• [Given information]:
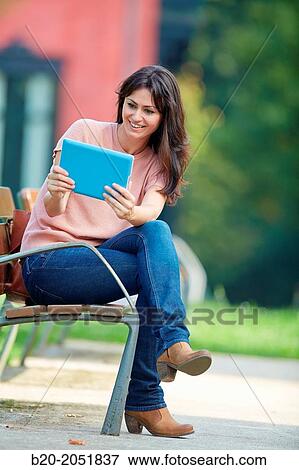 35 year old woman with tablet in a park. Donostia. San Sebastian. Gipuzkoa. Basque Country, Spain. View Large Photo Image Stock Photo - 35 year old woman with tablet in a park. Donostia. San Sebastian. Gipuzkoa. Basque Country, Spain.. Fotosearch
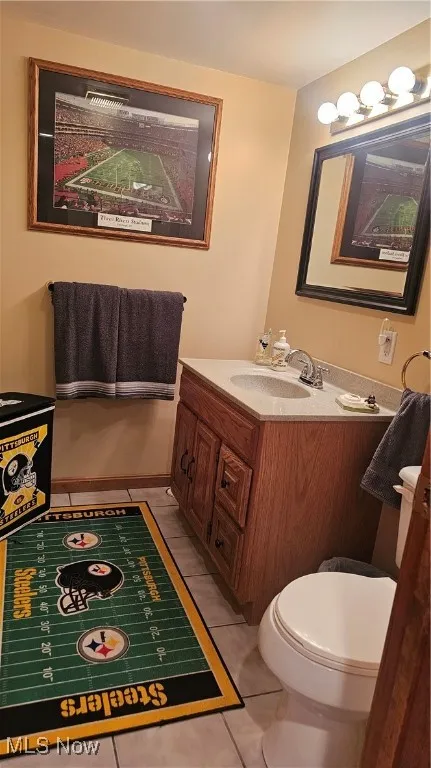 Half bathroom with vanity and tile patterned floors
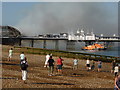 TV6198 : RNLI Lifeboats fire fighting at Eastbourne Pier by PAUL FARMER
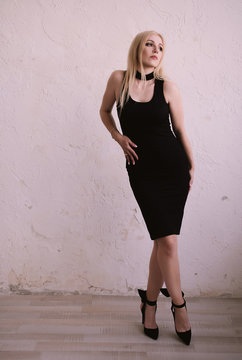 Elegant fashionable sensual blonde middle aged woman in black dress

• [Aim of the exercise]: Retype the data above exactly; pictures are not part of the copy.

• [Completed task]:
 35 year old woman with tablet in a park. Donostia. San Sebastian. Gipuzkoa. Basque Country, Spain. View Large Photo Image Stock Photo - 35 year old woman with tablet in a park. Donostia. San Sebastian. Gipuzkoa. Basque Country, Spain.. Fotosearch
 Half bathroom with vanity and tile patterned floors
 TV6198 : RNLI Lifeboats fire fighting at Eastbourne Pier by PAUL FARMER
 Elegant fashionable sensual blonde middle aged woman in black dress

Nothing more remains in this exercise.